The number of low-voltage consumers who have resorted to this universal electricity supply service, which also rose in April, by 5,000, now exceed a total of 170,000, May’s unofficial data showed.

By law, the electricity market’s top five suppliers, based on market share, contribute to the universal supply service. Higher tariffs are charged.

Rising PPA interest expressed by major-scale consumers

Major-scale energy consumers are expressing growing interest in power purchase agreements with RES producers, but supply currently remains subdued.

Banks are playing a key role in this development as they are encouraging customers to establish PPAs by offering low interest rates as an incentive, a new banking offer, as was noted by a sector official at the recent Athens Energy Dialogues conference.

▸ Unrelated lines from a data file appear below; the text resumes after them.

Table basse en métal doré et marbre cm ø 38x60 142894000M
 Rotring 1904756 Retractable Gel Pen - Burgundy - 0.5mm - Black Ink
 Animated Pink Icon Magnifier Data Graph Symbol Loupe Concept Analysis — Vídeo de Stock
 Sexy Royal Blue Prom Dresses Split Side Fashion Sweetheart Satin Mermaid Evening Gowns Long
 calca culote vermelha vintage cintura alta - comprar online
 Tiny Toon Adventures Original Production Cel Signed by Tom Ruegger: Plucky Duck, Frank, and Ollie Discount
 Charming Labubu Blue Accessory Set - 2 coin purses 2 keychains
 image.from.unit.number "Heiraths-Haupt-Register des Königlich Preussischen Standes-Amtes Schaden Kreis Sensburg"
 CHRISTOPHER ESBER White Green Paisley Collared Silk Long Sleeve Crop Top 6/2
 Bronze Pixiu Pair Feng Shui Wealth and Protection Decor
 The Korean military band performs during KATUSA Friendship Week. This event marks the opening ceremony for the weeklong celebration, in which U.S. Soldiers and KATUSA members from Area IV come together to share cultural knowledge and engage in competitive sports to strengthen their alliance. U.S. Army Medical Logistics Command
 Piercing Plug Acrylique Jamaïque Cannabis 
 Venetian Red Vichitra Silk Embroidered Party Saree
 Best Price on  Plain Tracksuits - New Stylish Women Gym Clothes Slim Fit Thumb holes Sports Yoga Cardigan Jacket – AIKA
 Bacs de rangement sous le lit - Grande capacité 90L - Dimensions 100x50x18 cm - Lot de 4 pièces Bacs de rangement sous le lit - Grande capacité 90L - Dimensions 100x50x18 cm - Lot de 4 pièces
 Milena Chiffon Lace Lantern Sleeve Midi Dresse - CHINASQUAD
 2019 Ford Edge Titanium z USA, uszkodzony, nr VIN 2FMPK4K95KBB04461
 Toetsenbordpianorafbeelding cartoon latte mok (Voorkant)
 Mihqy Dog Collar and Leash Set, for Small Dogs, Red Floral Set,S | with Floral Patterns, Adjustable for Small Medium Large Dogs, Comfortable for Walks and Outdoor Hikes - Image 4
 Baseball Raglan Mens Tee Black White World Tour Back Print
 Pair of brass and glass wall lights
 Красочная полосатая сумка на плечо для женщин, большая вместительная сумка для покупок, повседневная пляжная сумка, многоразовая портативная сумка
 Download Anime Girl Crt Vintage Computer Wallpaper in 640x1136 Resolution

Banks, increasingly acknowledging that PPAs are the way forward, prefer ten-year PPAs, deemed as agreements that protect from dangers and risks, while also being suitable for the Greek market, according to sector officials.

Market players are already seeking professional PPA advice from consulting firms to prepare for their entry into this new territory.

 

Overdue electricity bill sums double over 6-month period

The prolonged energy crisis has led to a sharp rise in overdue electricity bills as consumers struggle to meet exorbitant energy costs, amounts owed now double the level compared to six months ago.

According to sector officials, electricity bills overdue for periods of between 45 and 75 days represent the majority of cases. In this category, the rise in overdue electricity bills is close to 400 percent, clearly indicating that an increasing number of households and businesses are finding it extremely difficult to cover energy costs and meet deadlines.

The category of electricity bills overdue for up to 100 days has also experienced an increase, but it is far milder, suggesting that consumers are making every effort to not exceed this period, driven by the fear of electricity supply cuts.

Also highlighting the increased pressure experienced in the market, the number of electricity consumers resorting to a universal supply service covering the power needs of black-listed customers with poor track records exceeded 167,000 in April, increasing by 19,000 since the start of the year.

Electricity suppliers dread new round of unpaid receivables

A rising wave of overdue electricity bills, highlighted by a sharp rise in the number of applications lodged by consumers for installment-based payments, is generating anxiety in the energy market as consumers face steep energy cost increases and suppliers battle against tightened cashflows while fearing a reemergence of unpaid receivables.

Consumers are now feeling the accumulative effect of an energy crisis that has lasted seven months and deteriorated since Russia’s recent invasion of Ukraine.

Consumer applications for installment-based payments have risen by more than 200 percent since September, 2021, generating fears of a new round of unpaid receivables, which would have a wider impact on the energy market’s stability.

The extent of the problem will become clearer in April when electricity bills are issued for consumption in March, a month during which wholesale electricity prices have skyrocketed to levels of approximately 300 euros per MWh as Russia’s war on Ukraine rages.

Many energy consumers who have so far managed to remain punctual with their payments could struggle to meet risen energy costs, energy company officials have informed energypress.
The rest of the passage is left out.